Furthermore, in Australia I have the feeling that terms like “dislocation”, “loss”, “powerlessness”, and “discrimination” –terms that have been associated with Indigenous Australians par excellence– seem quite appropriate to describe the past and present condition of Greek Australians that were born in Greece. They were the ones that felt dislocated and uprooted from their homelands –in order to come to a country they would never experience as their own! They were the ones that suffered the loss of their extended families, their sense of belonging, and their living relation with the past (in term of culture, language, and religion). They were the ones that for a long time –up to the late ’70s– were powerless due to their inferior education, language competence, or progress into modernity. They were the ones that were called “wogs”, treated as idle, or exploited as mere labor force.

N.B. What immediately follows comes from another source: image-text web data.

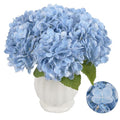 IPOPU 6PCS Real Touch Fake Hydrangea Artificial Flowers Blue Hydrangeas with Stems Latex Lifelike Faux Hydrangeas for Home Table Centerpieces Wedding Baby Shower Party Floral Arrangements (Blue) - color: Light Blue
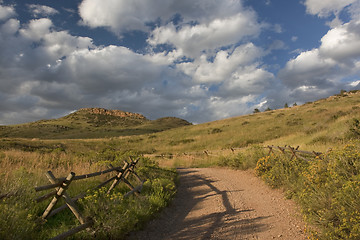 Image showing dirt road in Colorado at foothills of Rocky Mountains 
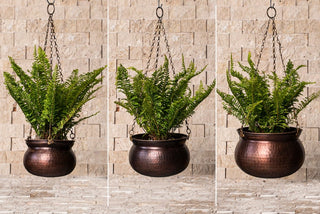 Hammered Solid Copper Planter Bowl Set for Indoor Outdoor Use with Brass Chain | Unique Copper Housewarming Gift 173x173x125 mm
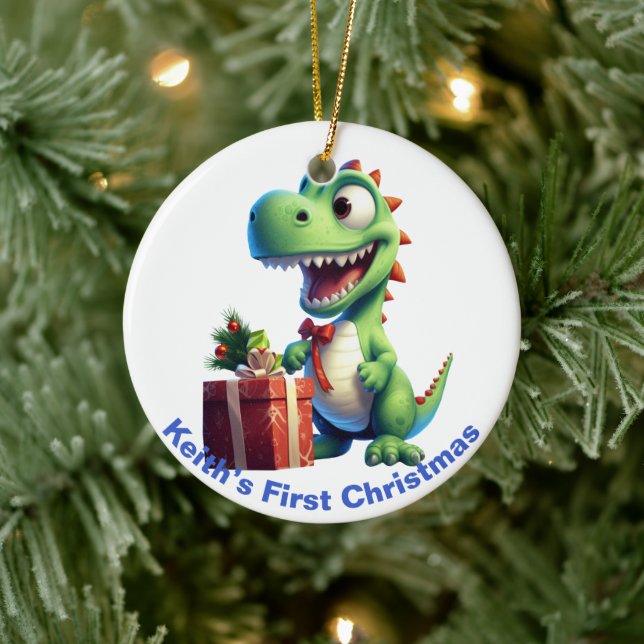 Baby’s First Christmas Dinosaur.  Customisable  Ceramic Ornament (Tree)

Of course, all these “Greek” experiences –which inevitably have affected the way I think of my own self as a Greek– are more intense, prolonged, and devastating in the case of Indigenous Australians. This I found out mainly by reading their own literature and by visiting districts like Redfern. To be frank, it is by becoming more aware of the situation of Indigenous Australians that I was able to understand better and sort out what was really the problem with the early generations of Greeks in Australia. Reading about how Indigenous peoples felt about their homelands before and after colonialism provided me with a guiding idea as to how my fellow countrymen must have felt being far away from their home villages. Moreover, the stigmatisation of Indigenous Australians served as a starting point to get an idea of similar situations experienced by Greek communities in Australia. On the other hand, of course, I was compelled to see a major difference: while Greeks were not opposed in principle or in fact to assimilation or integration, Indigenous people were finally in favour of self-determination. In other words, the early Greek generations suffered the results of their “cooperation” with mainstream Australian social ideologies, whereas Indigenous generations suffered the results of their determination to remain on the “fringe” of society.

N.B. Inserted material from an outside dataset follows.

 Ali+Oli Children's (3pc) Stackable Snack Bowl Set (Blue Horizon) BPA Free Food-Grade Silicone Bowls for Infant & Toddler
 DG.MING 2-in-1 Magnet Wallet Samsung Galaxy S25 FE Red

With the later generations of Greeks, that is, with Greeks that are more or less my age, the whole situation is a bit different. To illustrate this, I will take the issue of language as an example. Greek is increasingly becoming a language Greeks cannot identify with. At best they understand their parents or grandparents when they use it, but they do not really feel it. Young Greek Australians may even use a number of Greek words, set phrases or sentences, but they cannot read –at least, fluently– or experience an identity through the semiotics or semantics of Greek. Here, again, the case of Indigenous Australians was quite enlightening: the majority of them lost all living connection with their language heritage, facing thus the constant paradox of being black and thinking white. To term it differently, language is all about power, and speaking English could always keep Indigenous people away from self-determination. Similarly, young Greeks seem to be facing the irreversible situation of linguistic alienation or the incapability for a distinct cultural self-realisation. However, as Indigenous Australian literature has proved, “black” words can be written on “white” pages; or language can be used as a means to transform powerlessness into power. This suggests that young Greek generations could be those who might find in their language heritage a way to both genuine cultural diversity and enrichment of Greek identity.

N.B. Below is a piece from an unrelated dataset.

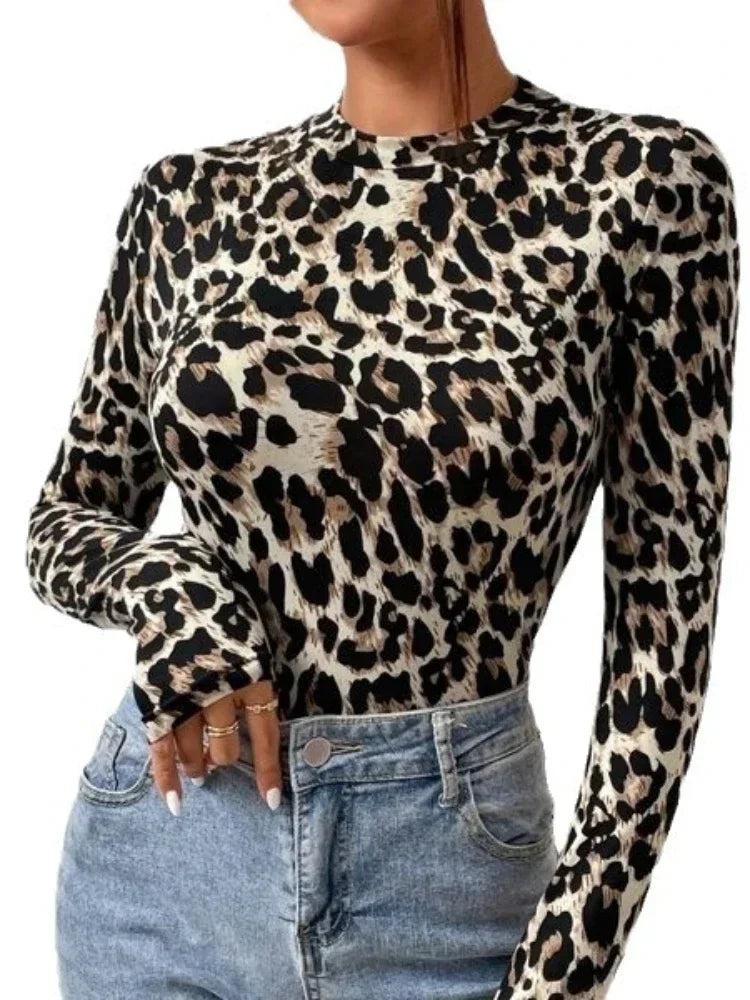 Leopard Print Bodysuit Women – Long Sleeve Top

Perhaps the comparisons I am drawing between Indigenous and Greek experiences in Australia are a bit far-fetched. My only justification in doing so is the way I feel about things as a person that comes from Greece and at the same time tries to reach out to others for a mutual understanding. Yet of one thing I am sure, namely, that my Greek identity is no longer self-enclosed but re-affirmed through a creative dialogue with others –and these others are the dispossessed Indigenous Australians.